По моему мнению, проблему авторства относительно произведений, созданных в эпохи барокко и Просвещения, надо рассматривать не через строгую призму сегодняшнего авторского права, а через расплывчатое стеклышко XVIII века. Ведь тогда переводчик или поборник распространенного сюжета имел право присоединиться к чужому авторству. Вспомним хотя бы два произведения преподавателей Забельской коллегии на Полотчине Каетана Марашевского и Михала Цецерского. «Камедыя» первого основана на бродячем сюжете о том, как мужик перехитрил черта, а «Доктар па прымусу» второго является переработкой «Доктора поневоле» Мольера. И тем не менее оба они считаются зачинателями белорусской драматургии.
Поэт (???)
Еще в большей степени сказанное выше касается двух поэтических сборников, приписываемых польским литературоведением Михалу Казимиру Огиньскому. Это «Исторические и моральные повести, написанные Слонимским Гражданином» и «Басни и не–басни, написанные Слонимским Гражданином», изданные в Варшаве соответственно в 1782 и 1788 году. Фамилии Огиньского на сборниках нет, но псевдоним слишком прозрачен — только владетель Слонима мог им пользоваться.
Но помню, с каким недоумением читал я впервые эти сборники в варшавской Национальной библиотеке где–то лет сорок назад. Особое впечатление в первой из книг произвело на меня стихотворное «Письмо к народу». Сначала слова «Гражданина» чисто просветительские: добро должно победить зло, человеку следует самоусовершенствоваться... Но дальше следует то, что никак не мог написать осторожный гетман: только народ, выносящий на своих плечах «гнет законов», имеет право называть себя великим. «Народ, осмелюсь Тебя открыть... Пусть Тебя знают правители». Именно народ объявляется созидательной силой общества, двигателем истории («Одним отбираешь, другим власть даешь»). А далее идет почти марксистское: человеческое благосостояние основывается на труде, формирующем «и Дворцы, и Божеств структуры».
Созидательный труд человека прославляется также в сборнике «Басни и не–басни». «Без урожая будут худеть господа», — утверждается в стихотворении «О земле». Автор верит в прогресс общества, «чудеса человеческого разума». Все это и по содержанию, и по решительности выводов, резкости стиля не соответствует, скажем, либретто оперы «Елисейские поля», принадлежащего, скорее всего, самому Огиньскому.

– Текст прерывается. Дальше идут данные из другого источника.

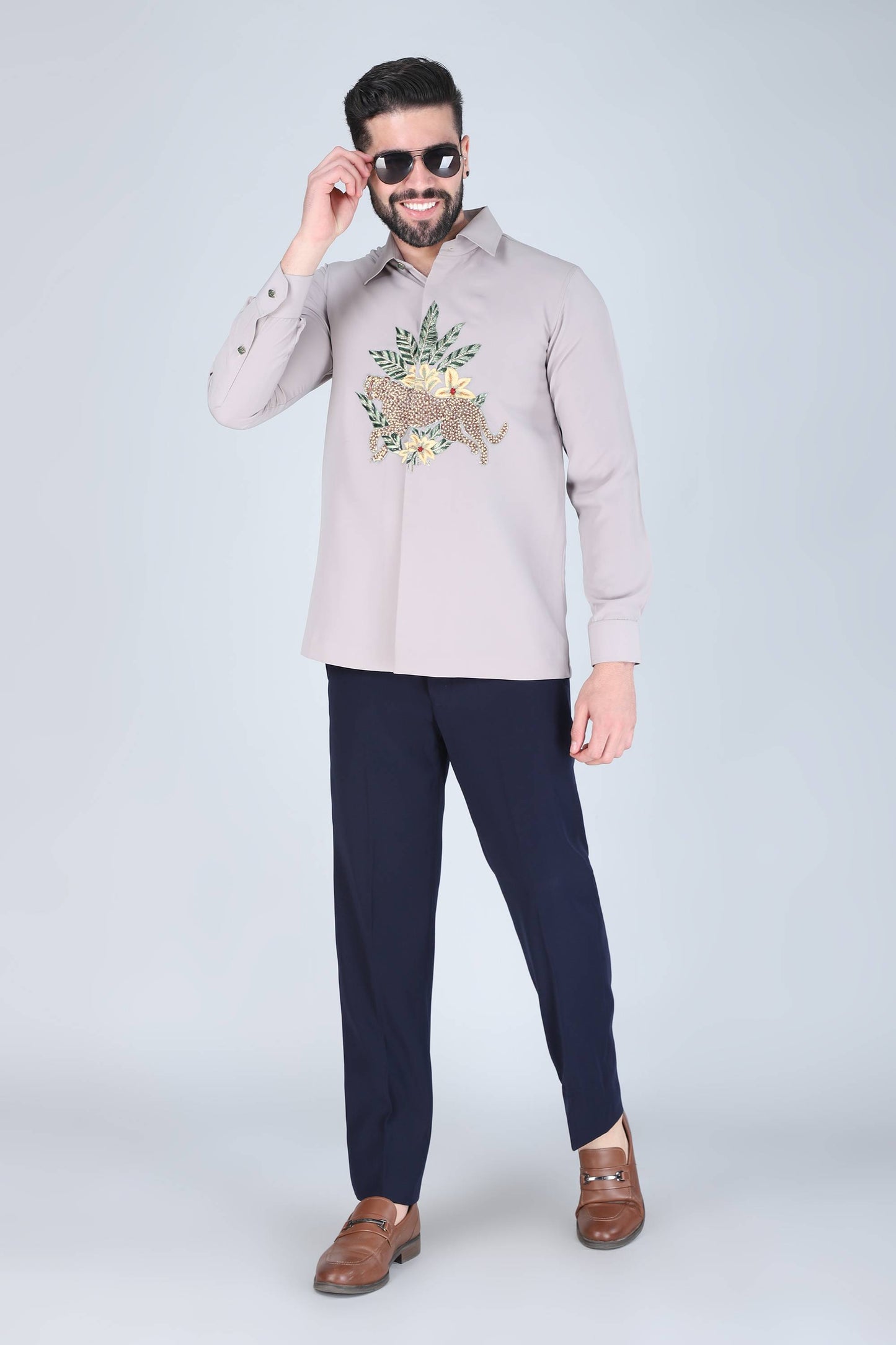 Light Grey Hand embroidered Shirt for Men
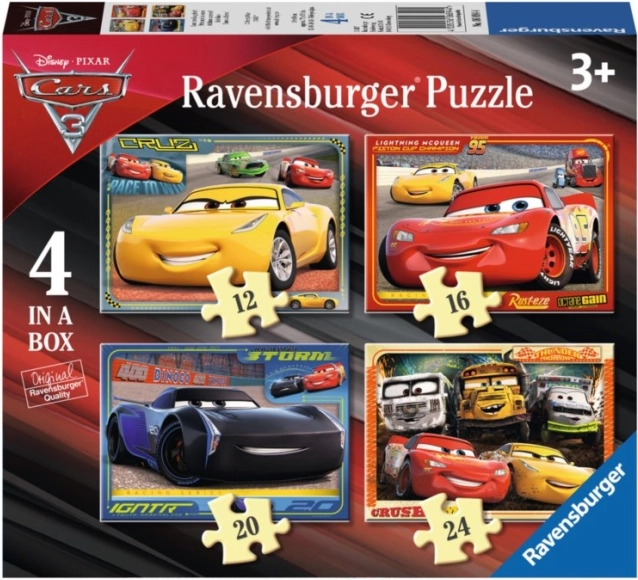 Ravensburger sestavljanka Avtomobili 4v1 (12–24 kosov)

Значит, основные стихотворения сборников принадлежат другому человеку? Тогда кому? Еще в 1980 году в книге «На перекрестке славянских традиций» я утверждал: Игнатию Ляхницкому, слонимскому придворному, уроженцу Мстиславля, доктору философии. Позже, в 1815 году, он издал в Варшаве книгу «Биография крестьянина, живущего над берегами Немана, выше Лососны». И по мыслям, и по стилю это сочинение созвучно с «Письмом к народу».
Но для нас, вероятно, во всей этой истории наиболее важно, что сам Михал Казимир никогда и нигде публично не оспаривал свое мнимое авторство «Письма к народу». Молчаливо соглашался, что он и есть «Слонимский Гражданин». Для человека нерешительного по натуре это уже подвиг.